Now, with the prospect of rising interest rates in the advanced countries causing a reversal of capital flows, the economic picture has come into full view – and it is not nearly as bright as it previously appeared. Once foreign investment and higher commodity export prices are excluded from the growth calculations, Latin America’s recent economic performance barely exceeds its unexceptional historical average. A similar point can be made about improvements in the region’s total factor productivity.

While standards for students in the region’s upper socioeconomic quintile rose over the past decade, there was little change in the lower quintile, where 70% of students failed to reach the most basic levels.

A more telling indicator of progress – or lack of it – is the minimal improvement in education. According to a recent survey of 65 mainly emerging countries worldwide by the Program for International Student Assessment (PISA), which ranks countries by their education standards, around half of Latin American 15-year-olds performed below the basic levels in math, science, and reading comprehension. While standards for students in the region’s upper socioeconomic quintile rose over the past decade, there was little change in the lower quintile, where 70% of students failed to reach the most basic levels.

In other words, half of all students in their final year of compulsory education, before entering the workforce, lack the minimum skills required by employers. For many graduates, these gaps will never be bridged in later life.

The weakness in Latin America’s education systems reinforces a less rosy view of its economic success in recent years – one that attributes strong performance mainly to favorable external conditions, not improved productivity. Indeed, if measured by skill levels rather than income, the region’s social and economic achievements – including the much-vaunted expansion of the new middle class – are far more tenuous than previously assumed.

The consequences of an uneducated labor force are alarming. Workers are either forced into the informal sector, where basic workplace protections are absent, or they become reliant on state handouts, creating fertile ground for populist politicians and criminals. The boom did little to reduce crime, and may even have contributed to it by attracting those who felt unfairly excluded from the rising prosperity around them.

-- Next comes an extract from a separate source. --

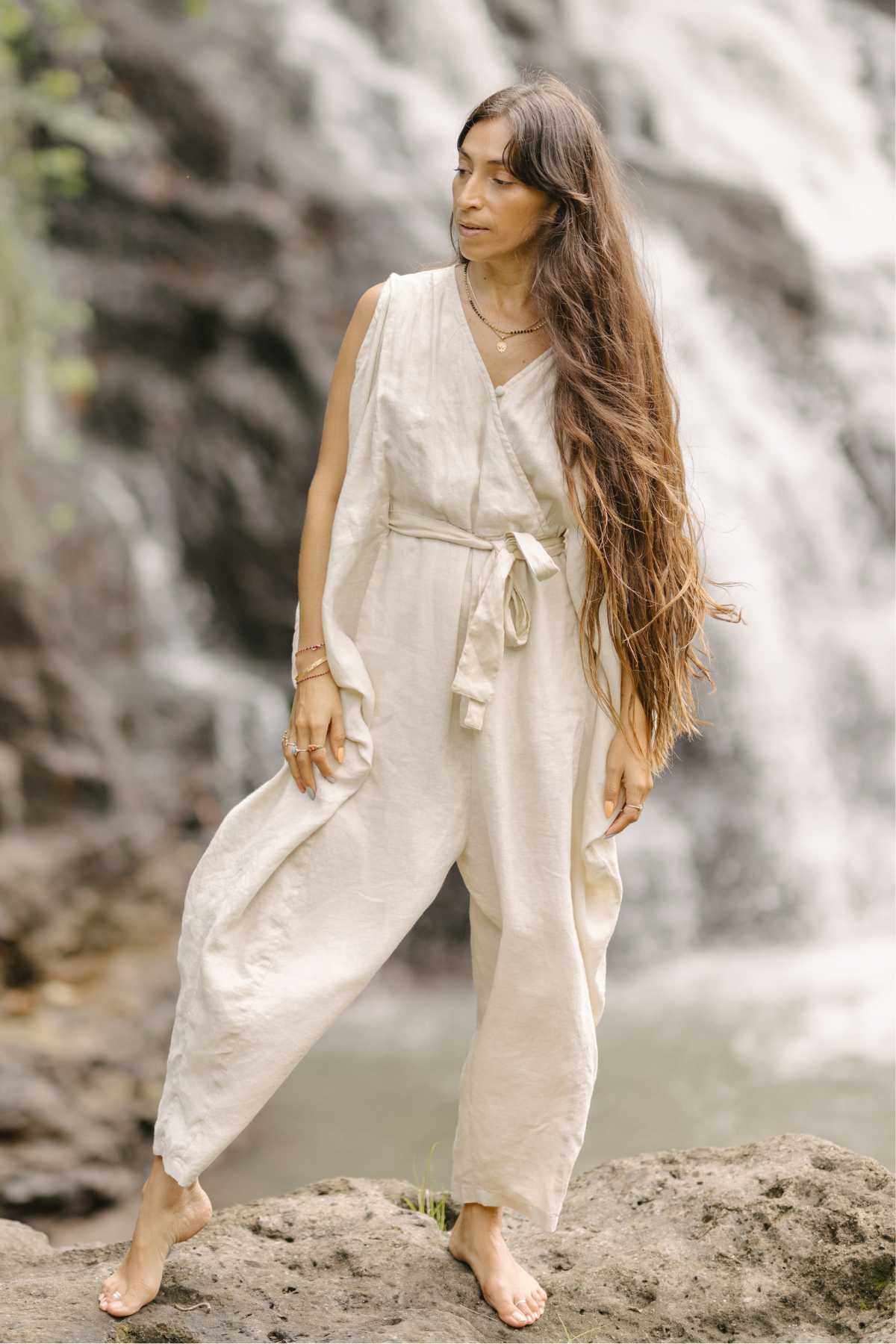A woman with long, flowing hair stands on a rock in front of a waterfall. She is wearing the loose, stonewashed French Linen Kuan Yin Playsuit by Myrah Penaloza, accentuated with an adjustable waist tie. She looks thoughtfully into the distance with one hand resting on her hip and the other hanging by her side.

The region’s economies are now cooling and incomes are flattening, and low-cost capital inflows will no longer encourage public- and private-sector consumption. Tougher economic conditions in Latin America, and in the world economy generally, will eventually force spending back into line with earnings, causing economic upheaval, rending the social safety net, frustrating hopes of a better life, and leading inevitably to social unrest.

If this scenario is to be avoided, political leaders must take a long view of economic growth. Essential to this is an understanding that a fair and prosperous society needs young people who are educated to the standards required of a modern workforce. If a good education remains the preserve of the elite, no amount of irrational exuberance will be able to mask the long-term threat to economic growth and political stability.